The result is an array of (data: Data, response: URLResponse) that is guaranteed to be in the same order as the original array of URLs. Note that without .maxPublishers: .max(1), we could not make that guarantee; the results of our data task publishers can arrive in any order, so we must serialize asynchronicity if we want to prevent that.

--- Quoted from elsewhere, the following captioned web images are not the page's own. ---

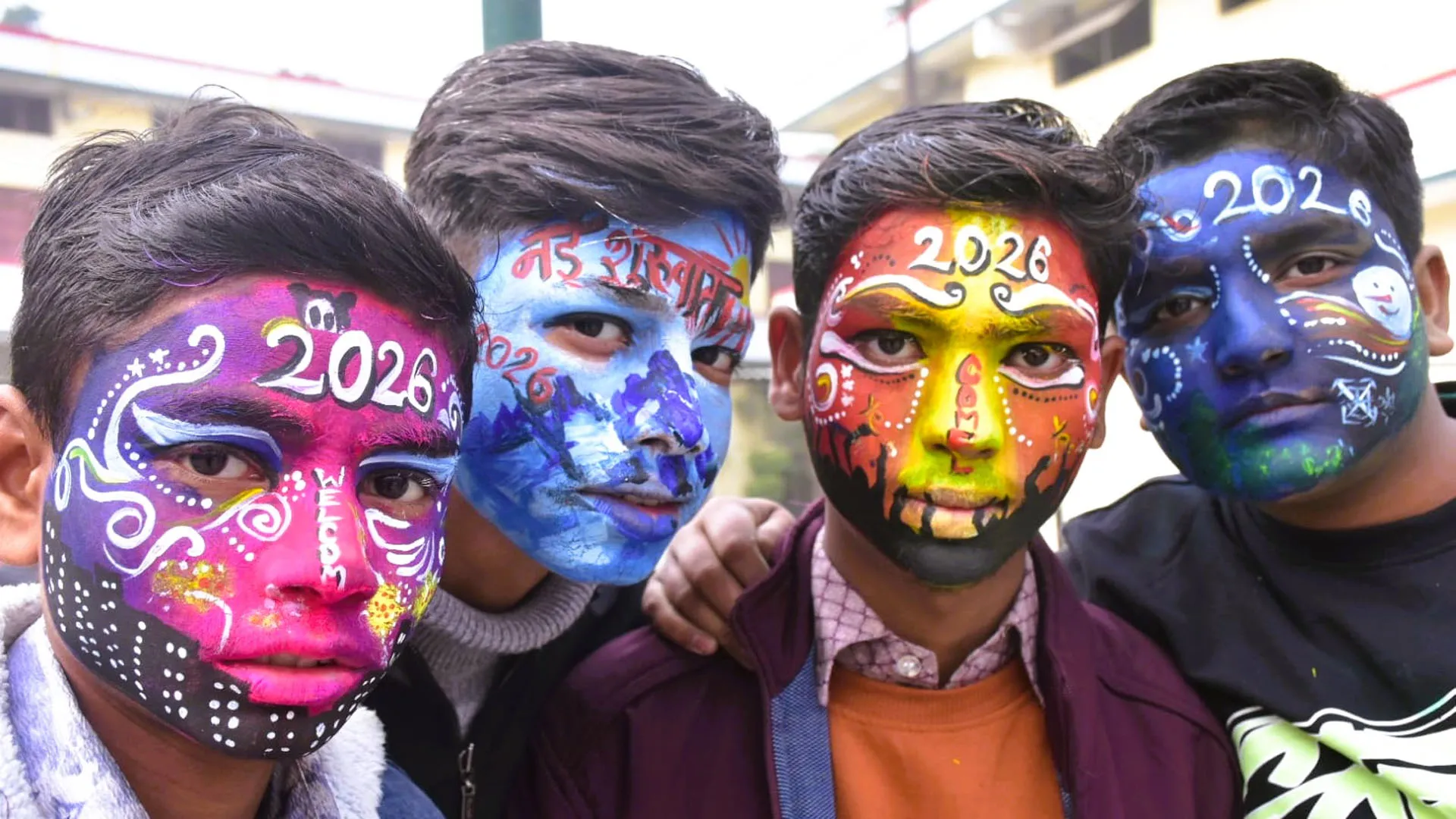 Moradabad: पुराने साल को अलविदा कर नये साल का मना जश्न, रात 12 बजते ही मचा धमाल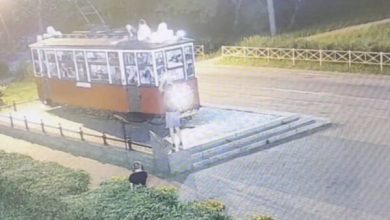Новости нашего Мегаполиса: 1. В Петербурге с раннего утра разыскивали трио вандалов, которые сломали…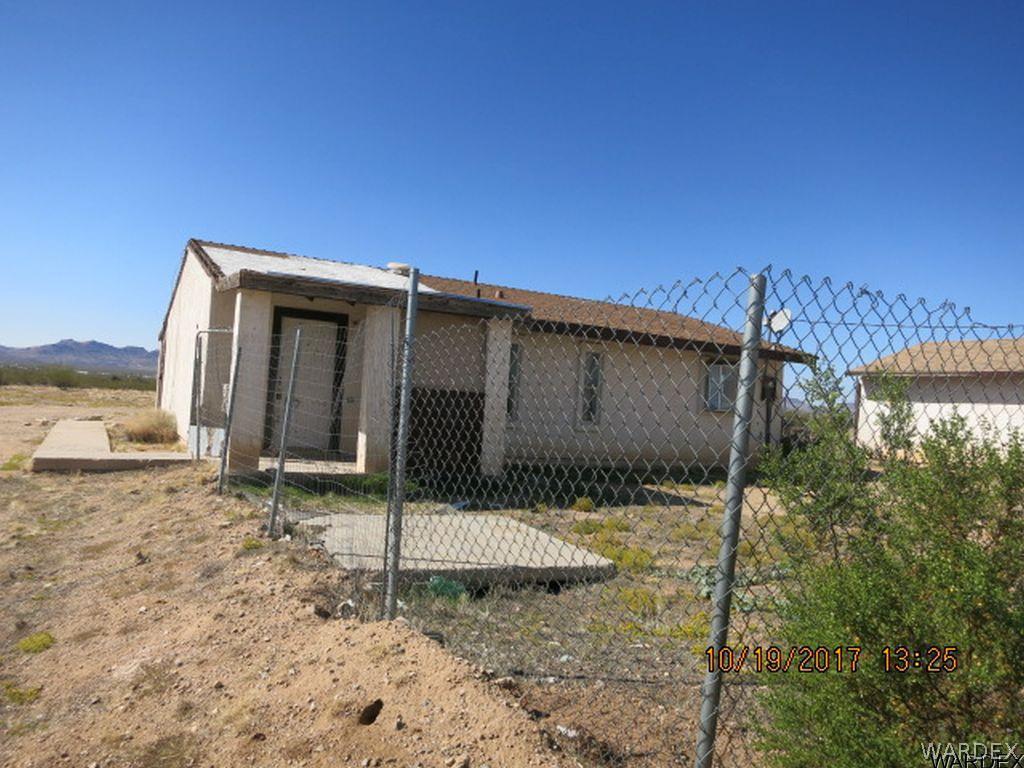 789 South Davis Road, Unit 83 Golden Valley, AZ 86413 - Photo 1 of 23 Gallery Image 1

.collect(_:) (Publishers.CollectByCount) doesn’t merely wait for a .finished completion; instead, it also emits an array of the values received from upstream so far when some fixed number of values have arrived, and then clears its buffer of received values. Thus it divides up the stream of values from upstream into chunks of a fixed size (except for the last chunk, after the .finished completion is received, which might be smaller). For example:

[1,2,3].publisher
    .collect(2) // [1, 2], then [3], then finished

.collect(_:options:) (Publishers.CollectionByTime) emits the buffer as an array of values at fixed time intervals. The first parameter is a TimeGroupingStrategy:

.byTime: The associated value is a Scheduler and a Stride indicating how the time is to be reckoned.
.byTimeOrCount: Like .byTime, but with an additional parameter representing a count; the operator emits when the time elapses or the buffer fills to the count, whichever comes first.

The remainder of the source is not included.